Start of Input data

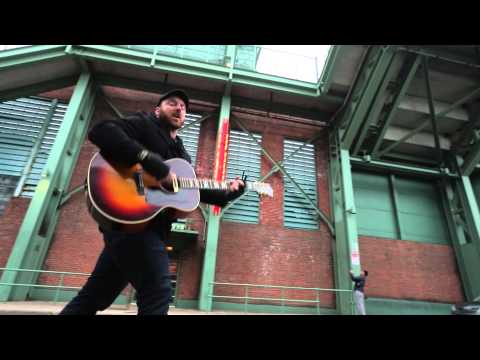 Video thumbnail for From Boston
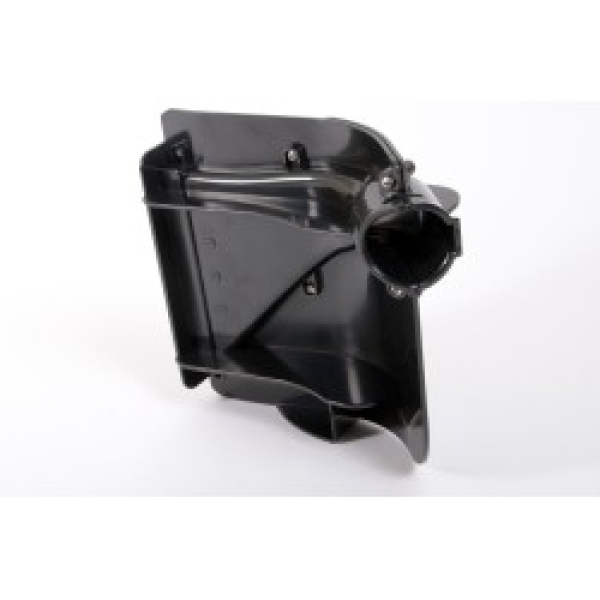 Saugschlauchadapter (Pos. 36)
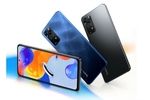 Xiaomi Redmi Note 11 Pro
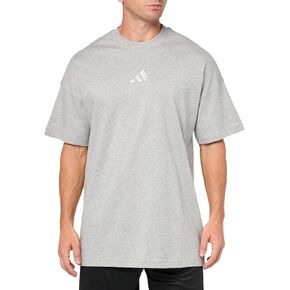 adidas Men's ALL SZN T-Shirt
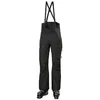 Image de Helly Hansen Pantalon Odin Mountain Infinity 3l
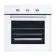 Духовой шкаф Korting OKB 460 CJW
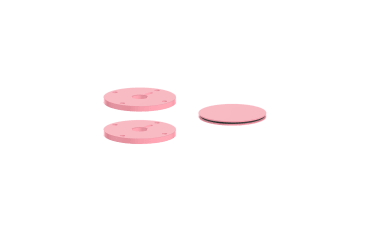 VOGT MRC12.RP Image 1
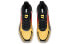 Обувь Anta Running Shoes 112015580-4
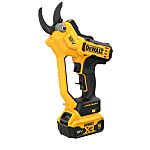 DeWALT DCMPP568P DCMPP568P1-QW Cordless Pruning Saw, 18V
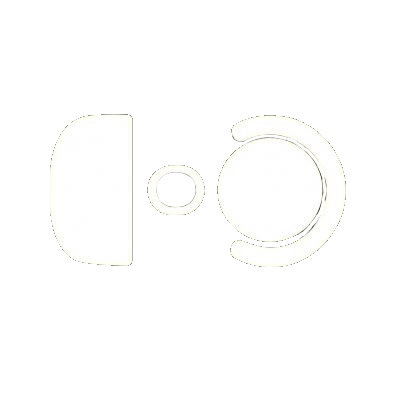 Подложка за мишка Corepad v2 за безжична мишка Logitech G PRO X SUPERLIGHT (08290 / CS29800) (core08290)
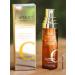 MISSHA Serum for nutrition of face skin with vitamin C vita c plus - Buy Online on GoSupps.com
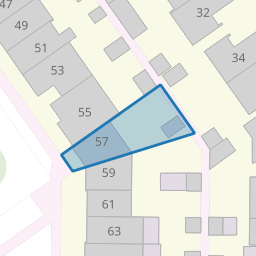 Perceel URK00-C-3557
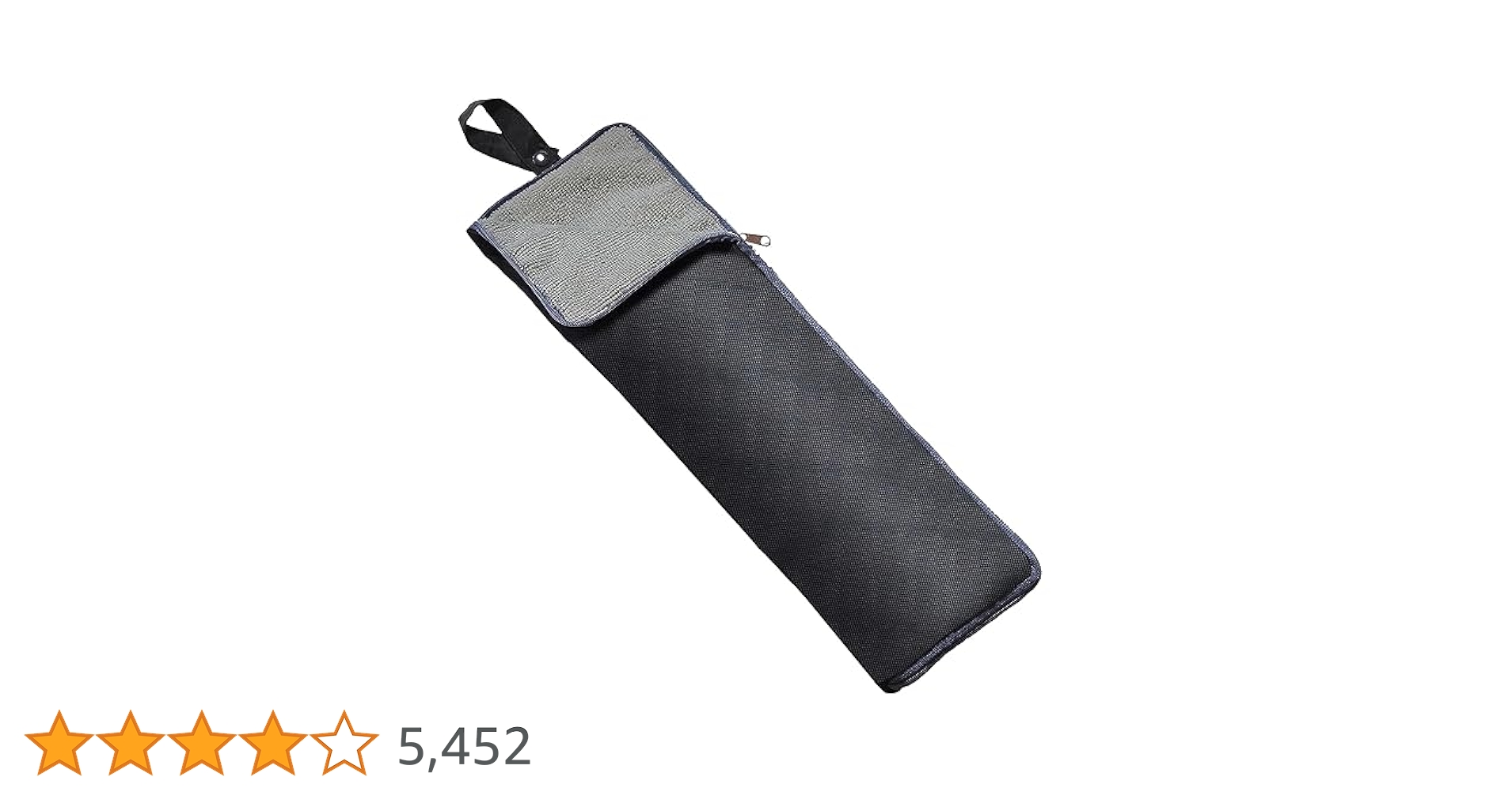 Amazon｜ベーシックスタンダード 【Amazon.co.jp限定】 傘カバー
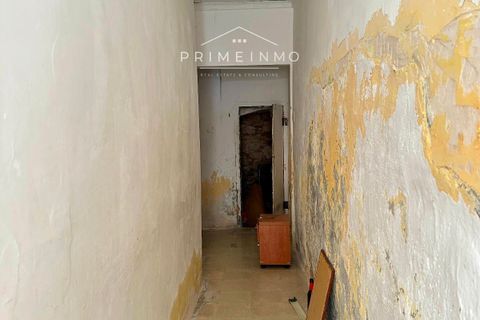 Rækkehus i El Perello, Tarragona, El Perello - € 132.000 | Ref: 1150 - foto 8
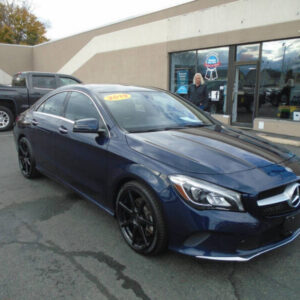 2019-mercedes-benz-cla-cla-250-4matic-awd-4dr-coupe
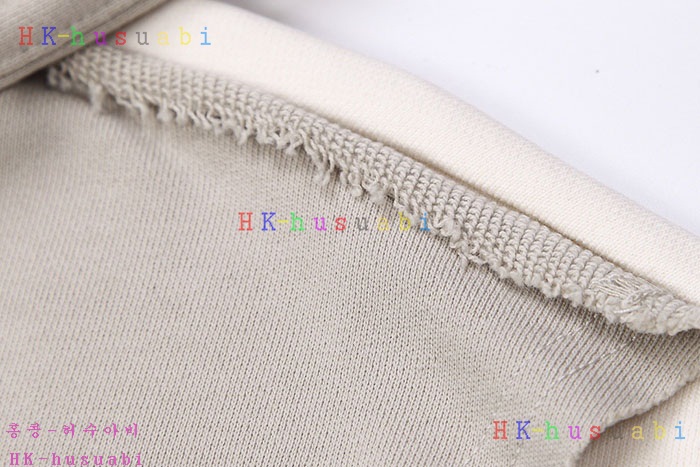 NEW 메종 메르지엘라 후드티 신상 M 8857015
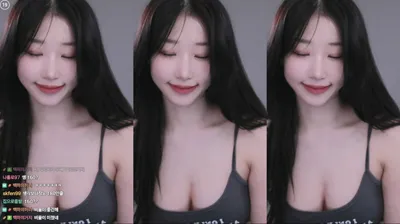 2025-12-22_03-46-14 - mj0128 - BJ 백하♥-秀人集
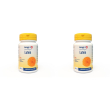Longlife® lutein set da 2 2x24 g perle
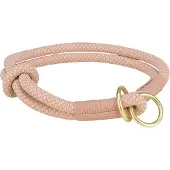 Trixie Collar Para Perro Soft Rope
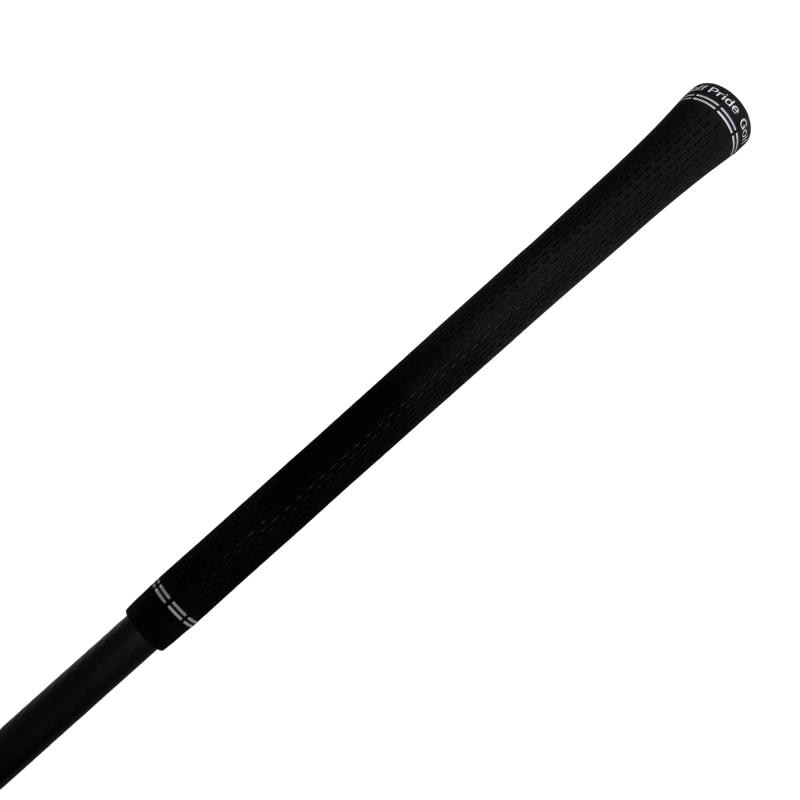 �f�S�S�O�@�t�S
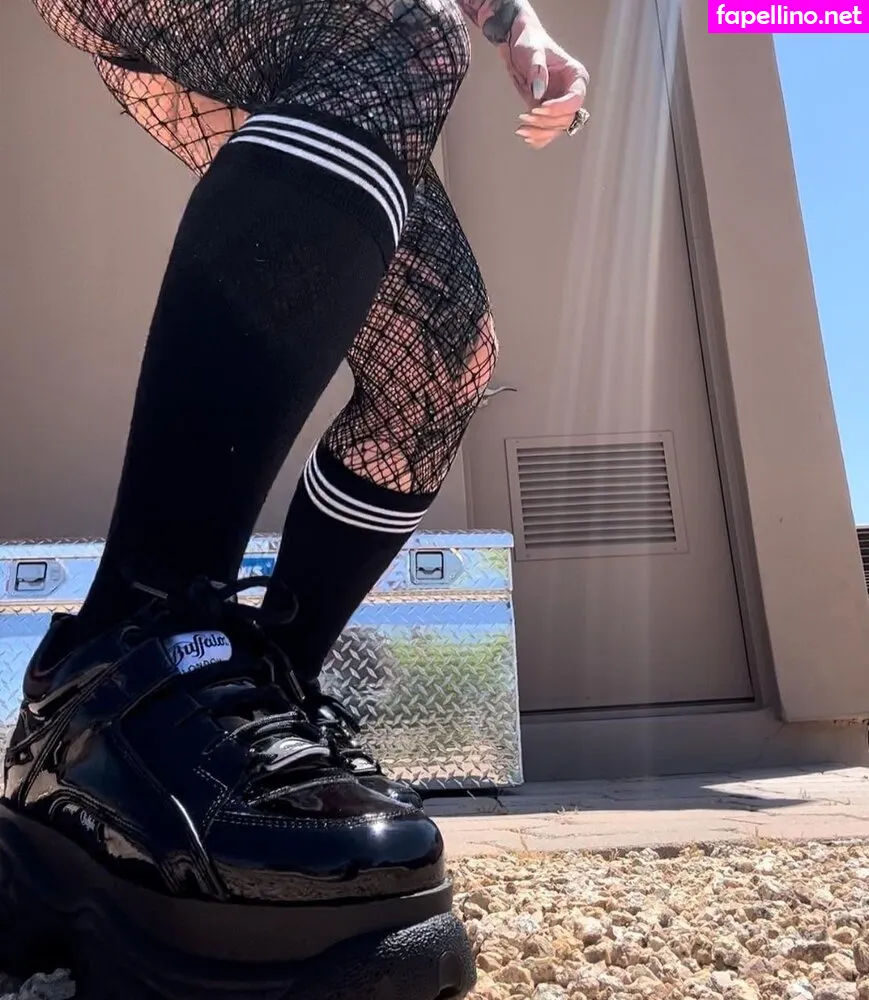 FrauTagtraum847, the_kinky_duck Nude Leaked OnlyFans Photo #K73MYVIX2v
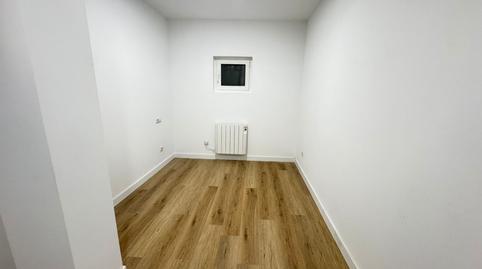 Foto 3 de Piso en venta en Barrenkale, 17, Casco Viejo, Bilbao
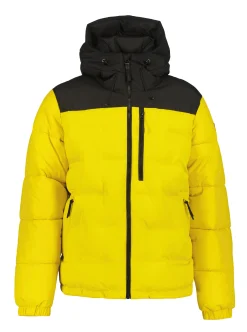 Icepeak Ameri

End of Input data

**Exercise brief:**
Give back every record above exactly as written, skipping each picture.

**Completed task:**
 Video thumbnail for From Boston
 Saugschlauchadapter (Pos. 36)
 Xiaomi Redmi Note 11 Pro
 adidas Men's ALL SZN T-Shirt
 Image de Helly Hansen Pantalon Odin Mountain Infinity 3l
 Духовой шкаф Korting OKB 460 CJW
 VOGT MRC12.RP Image 1
 Обувь Anta Running Shoes 112015580-4
 DeWALT DCMPP568P DCMPP568P1-QW Cordless Pruning Saw, 18V
 Подложка за мишка Corepad v2 за безжична мишка Logitech G PRO X SUPERLIGHT (08290 / CS29800) (core08290)
 MISSHA Serum for nutrition of face skin with vitamin C vita c plus - Buy Online on GoSupps.com
 Perceel URK00-C-3557
 Amazon｜ベーシックスタンダード 【Amazon.co.jp限定】 傘カバー
 Rækkehus i El Perello, Tarragona, El Perello - € 132.000 | Ref: 1150 - foto 8
 2019-mercedes-benz-cla-cla-250-4matic-awd-4dr-coupe
 NEW 메종 메르지엘라 후드티 신상 M 8857015
 2025-12-22_03-46-14 - mj0128 - BJ 백하♥-秀人集
Longlife® lutein set da 2 2x24 g perle
 Trixie Collar Para Perro Soft Rope
 �f�S�S�O�@�t�S
 FrauTagtraum847, the_kinky_duck Nude Leaked OnlyFans Photo #K73MYVIX2v
 Foto 3 de Piso en venta en Barrenkale, 17, Casco Viejo, Bilbao
 Icepeak Ameri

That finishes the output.